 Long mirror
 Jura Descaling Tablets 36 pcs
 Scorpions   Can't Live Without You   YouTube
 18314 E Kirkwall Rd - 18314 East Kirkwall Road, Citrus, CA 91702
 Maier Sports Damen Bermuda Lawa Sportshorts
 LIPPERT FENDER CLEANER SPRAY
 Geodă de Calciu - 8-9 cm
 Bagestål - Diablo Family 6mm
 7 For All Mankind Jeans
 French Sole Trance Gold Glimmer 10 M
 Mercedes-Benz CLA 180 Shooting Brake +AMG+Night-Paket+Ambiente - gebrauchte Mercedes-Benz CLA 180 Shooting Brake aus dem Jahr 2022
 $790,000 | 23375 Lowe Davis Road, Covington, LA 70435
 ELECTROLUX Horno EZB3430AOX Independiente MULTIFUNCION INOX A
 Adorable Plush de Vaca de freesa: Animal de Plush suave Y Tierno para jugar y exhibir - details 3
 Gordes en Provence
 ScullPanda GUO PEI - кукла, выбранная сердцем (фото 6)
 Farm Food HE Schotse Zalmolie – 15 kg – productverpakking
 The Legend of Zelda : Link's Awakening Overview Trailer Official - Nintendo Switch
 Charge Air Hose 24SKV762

EXERCISE: The complete listing, unchanged, is the expected answer.

SOLUTION TO THIS PROBLEM:
 Long mirror
 Jura Descaling Tablets 36 pcs
 Scorpions   Can't Live Without You   YouTube
 18314 E Kirkwall Rd - 18314 East Kirkwall Road, Citrus, CA 91702
 Maier Sports Damen Bermuda Lawa Sportshorts
 LIPPERT FENDER CLEANER SPRAY
 Geodă de Calciu - 8-9 cm
 Bagestål - Diablo Family 6mm
 7 For All Mankind Jeans
 French Sole Trance Gold Glimmer 10 M
 Mercedes-Benz CLA 180 Shooting Brake +AMG+Night-Paket+Ambiente - gebrauchte Mercedes-Benz CLA 180 Shooting Brake aus dem Jahr 2022
 $790,000 | 23375 Lowe Davis Road, Covington, LA 70435
 ELECTROLUX Horno EZB3430AOX Independiente MULTIFUNCION INOX A
 Adorable Plush de Vaca de freesa: Animal de Plush suave Y Tierno para jugar y exhibir - details 3
 Gordes en Provence
 ScullPanda GUO PEI - кукла, выбранная сердцем (фото 6)
 Farm Food HE Schotse Zalmolie – 15 kg – productverpakking
 The Legend of Zelda : Link's Awakening Overview Trailer Official - Nintendo Switch
 Charge Air Hose 24SKV762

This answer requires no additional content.